== Data supplied ==
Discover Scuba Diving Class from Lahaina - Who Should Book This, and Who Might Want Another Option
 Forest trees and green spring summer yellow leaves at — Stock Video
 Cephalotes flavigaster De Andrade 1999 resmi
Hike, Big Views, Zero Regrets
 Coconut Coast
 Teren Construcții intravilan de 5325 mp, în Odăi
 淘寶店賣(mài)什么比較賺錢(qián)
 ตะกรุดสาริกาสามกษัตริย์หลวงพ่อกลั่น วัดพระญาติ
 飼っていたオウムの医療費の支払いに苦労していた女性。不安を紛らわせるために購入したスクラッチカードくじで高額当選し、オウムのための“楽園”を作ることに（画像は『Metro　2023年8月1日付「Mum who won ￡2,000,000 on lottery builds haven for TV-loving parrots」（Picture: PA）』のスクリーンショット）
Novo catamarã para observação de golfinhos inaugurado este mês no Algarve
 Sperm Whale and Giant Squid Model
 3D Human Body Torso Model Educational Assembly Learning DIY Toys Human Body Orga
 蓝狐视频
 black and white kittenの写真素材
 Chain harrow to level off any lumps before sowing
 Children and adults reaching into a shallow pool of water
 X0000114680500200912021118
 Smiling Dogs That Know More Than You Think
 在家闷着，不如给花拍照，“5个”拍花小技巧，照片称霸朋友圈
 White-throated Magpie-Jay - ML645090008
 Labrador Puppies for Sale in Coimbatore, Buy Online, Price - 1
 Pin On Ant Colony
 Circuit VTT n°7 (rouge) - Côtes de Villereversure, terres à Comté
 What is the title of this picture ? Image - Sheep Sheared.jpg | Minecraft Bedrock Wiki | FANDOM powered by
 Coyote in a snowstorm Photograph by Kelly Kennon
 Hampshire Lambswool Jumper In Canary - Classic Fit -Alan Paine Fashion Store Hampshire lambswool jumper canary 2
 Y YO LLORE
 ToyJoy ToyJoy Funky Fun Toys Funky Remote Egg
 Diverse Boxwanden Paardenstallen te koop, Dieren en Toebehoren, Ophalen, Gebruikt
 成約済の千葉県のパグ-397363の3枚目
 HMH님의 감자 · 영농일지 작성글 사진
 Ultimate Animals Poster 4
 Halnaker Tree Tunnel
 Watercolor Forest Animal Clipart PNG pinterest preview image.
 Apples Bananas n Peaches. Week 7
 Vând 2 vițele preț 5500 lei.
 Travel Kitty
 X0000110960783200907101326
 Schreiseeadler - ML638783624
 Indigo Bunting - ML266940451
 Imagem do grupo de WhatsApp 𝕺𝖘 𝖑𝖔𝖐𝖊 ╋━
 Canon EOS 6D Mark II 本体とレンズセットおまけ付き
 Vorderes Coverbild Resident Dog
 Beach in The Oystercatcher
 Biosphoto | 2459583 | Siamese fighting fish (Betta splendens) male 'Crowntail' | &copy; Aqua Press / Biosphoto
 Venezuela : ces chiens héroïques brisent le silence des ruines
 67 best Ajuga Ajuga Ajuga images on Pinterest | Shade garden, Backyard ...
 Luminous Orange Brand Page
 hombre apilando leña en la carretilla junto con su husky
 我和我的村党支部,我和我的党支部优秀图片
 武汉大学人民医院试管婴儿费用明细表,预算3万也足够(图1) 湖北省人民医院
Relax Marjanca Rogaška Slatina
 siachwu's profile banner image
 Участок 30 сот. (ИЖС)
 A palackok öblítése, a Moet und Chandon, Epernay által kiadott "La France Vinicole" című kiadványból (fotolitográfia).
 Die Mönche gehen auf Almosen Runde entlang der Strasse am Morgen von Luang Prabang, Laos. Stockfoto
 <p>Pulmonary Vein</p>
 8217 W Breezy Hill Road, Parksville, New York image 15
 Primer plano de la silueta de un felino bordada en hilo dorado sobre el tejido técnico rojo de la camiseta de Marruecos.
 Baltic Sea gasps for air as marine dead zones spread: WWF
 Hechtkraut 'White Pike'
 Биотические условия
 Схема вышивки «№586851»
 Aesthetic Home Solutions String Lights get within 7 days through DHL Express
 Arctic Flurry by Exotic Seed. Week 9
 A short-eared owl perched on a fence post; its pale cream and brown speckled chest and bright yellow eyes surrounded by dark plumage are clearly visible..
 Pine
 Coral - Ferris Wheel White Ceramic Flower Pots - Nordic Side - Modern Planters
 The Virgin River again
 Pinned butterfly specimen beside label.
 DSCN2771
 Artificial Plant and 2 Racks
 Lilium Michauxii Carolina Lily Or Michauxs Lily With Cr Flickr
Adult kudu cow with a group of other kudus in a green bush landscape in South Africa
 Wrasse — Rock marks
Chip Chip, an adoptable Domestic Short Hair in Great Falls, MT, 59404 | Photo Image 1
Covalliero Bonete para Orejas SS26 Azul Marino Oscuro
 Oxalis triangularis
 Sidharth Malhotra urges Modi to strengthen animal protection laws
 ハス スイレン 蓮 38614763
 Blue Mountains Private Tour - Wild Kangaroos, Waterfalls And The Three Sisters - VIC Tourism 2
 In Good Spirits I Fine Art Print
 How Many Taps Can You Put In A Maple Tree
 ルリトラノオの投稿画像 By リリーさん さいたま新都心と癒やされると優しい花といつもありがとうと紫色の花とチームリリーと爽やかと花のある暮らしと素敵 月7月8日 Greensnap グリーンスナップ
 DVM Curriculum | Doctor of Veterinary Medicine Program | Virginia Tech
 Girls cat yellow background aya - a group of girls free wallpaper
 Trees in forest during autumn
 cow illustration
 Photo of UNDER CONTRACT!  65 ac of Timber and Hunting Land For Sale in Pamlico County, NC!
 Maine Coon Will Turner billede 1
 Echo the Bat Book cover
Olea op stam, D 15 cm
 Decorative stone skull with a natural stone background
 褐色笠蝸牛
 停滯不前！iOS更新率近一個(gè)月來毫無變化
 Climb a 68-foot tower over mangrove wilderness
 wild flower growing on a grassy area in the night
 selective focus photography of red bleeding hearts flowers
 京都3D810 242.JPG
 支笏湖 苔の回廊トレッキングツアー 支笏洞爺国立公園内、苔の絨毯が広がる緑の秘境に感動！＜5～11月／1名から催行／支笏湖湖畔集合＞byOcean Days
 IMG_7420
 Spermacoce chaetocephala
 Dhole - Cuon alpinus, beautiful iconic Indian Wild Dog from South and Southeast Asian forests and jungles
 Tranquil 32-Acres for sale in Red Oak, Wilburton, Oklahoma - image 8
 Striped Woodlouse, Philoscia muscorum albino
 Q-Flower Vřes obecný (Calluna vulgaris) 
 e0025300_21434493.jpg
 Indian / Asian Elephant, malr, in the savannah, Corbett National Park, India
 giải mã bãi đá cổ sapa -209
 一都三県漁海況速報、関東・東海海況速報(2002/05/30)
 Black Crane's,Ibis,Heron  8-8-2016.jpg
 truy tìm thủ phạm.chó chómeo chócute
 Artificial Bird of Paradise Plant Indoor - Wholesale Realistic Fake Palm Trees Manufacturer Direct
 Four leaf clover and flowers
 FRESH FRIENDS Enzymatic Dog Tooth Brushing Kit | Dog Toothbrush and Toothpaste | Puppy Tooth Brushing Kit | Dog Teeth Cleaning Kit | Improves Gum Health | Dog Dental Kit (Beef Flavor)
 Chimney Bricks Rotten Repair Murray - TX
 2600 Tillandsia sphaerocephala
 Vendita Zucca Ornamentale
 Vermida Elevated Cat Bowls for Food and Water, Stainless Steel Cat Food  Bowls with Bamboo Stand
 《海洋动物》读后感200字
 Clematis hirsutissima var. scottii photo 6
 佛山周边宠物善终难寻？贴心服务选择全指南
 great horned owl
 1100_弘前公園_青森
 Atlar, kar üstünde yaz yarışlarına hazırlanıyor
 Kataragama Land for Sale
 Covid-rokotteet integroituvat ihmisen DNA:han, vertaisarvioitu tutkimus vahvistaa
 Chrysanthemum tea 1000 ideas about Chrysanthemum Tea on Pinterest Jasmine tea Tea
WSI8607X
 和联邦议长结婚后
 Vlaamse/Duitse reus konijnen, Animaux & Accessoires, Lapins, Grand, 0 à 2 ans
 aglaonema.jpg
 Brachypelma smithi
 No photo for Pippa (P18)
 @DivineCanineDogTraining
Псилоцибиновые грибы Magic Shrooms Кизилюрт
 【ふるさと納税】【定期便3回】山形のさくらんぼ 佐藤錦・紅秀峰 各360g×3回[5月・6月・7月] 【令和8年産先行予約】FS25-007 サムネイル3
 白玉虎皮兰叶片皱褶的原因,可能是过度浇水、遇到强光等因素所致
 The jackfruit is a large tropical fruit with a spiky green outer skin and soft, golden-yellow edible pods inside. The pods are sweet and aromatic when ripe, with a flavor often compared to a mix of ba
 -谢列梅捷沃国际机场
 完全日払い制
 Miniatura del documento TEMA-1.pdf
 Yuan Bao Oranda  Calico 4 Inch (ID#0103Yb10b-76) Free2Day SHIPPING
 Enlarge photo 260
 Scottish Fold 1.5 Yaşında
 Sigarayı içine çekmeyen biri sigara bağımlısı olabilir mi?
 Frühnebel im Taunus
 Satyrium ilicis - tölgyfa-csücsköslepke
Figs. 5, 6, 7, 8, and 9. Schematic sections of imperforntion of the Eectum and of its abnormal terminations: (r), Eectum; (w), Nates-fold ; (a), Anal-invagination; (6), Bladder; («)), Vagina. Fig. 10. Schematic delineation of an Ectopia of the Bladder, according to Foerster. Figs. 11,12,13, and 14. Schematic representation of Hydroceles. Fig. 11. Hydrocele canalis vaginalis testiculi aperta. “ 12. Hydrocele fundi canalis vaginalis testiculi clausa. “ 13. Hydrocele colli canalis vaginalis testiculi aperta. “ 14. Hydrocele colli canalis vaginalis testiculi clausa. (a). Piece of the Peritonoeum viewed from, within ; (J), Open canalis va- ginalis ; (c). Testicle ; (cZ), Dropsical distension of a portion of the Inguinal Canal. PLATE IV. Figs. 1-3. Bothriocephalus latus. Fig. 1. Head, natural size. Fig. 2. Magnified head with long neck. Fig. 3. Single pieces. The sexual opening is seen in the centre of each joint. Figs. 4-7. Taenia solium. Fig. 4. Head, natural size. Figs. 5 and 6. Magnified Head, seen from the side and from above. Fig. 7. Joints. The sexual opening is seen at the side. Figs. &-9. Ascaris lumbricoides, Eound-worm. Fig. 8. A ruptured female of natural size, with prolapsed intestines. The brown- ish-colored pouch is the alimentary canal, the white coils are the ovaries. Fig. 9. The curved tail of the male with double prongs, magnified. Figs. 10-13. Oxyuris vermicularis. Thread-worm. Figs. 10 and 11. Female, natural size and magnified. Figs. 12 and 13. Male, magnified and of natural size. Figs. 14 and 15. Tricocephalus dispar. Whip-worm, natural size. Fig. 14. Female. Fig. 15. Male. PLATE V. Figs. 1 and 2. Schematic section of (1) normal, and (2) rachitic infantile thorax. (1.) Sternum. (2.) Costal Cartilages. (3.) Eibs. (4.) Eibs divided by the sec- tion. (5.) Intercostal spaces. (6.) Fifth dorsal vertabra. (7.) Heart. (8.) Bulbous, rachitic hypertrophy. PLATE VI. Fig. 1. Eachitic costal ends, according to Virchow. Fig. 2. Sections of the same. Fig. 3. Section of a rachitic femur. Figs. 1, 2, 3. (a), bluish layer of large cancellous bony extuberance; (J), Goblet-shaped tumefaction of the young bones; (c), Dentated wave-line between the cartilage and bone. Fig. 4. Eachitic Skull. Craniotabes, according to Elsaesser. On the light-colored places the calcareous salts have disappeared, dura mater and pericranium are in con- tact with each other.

== Problem statement ==
Scan the records above and count the lines that contain "flowers". No text besides the count.

== Written solution ==
2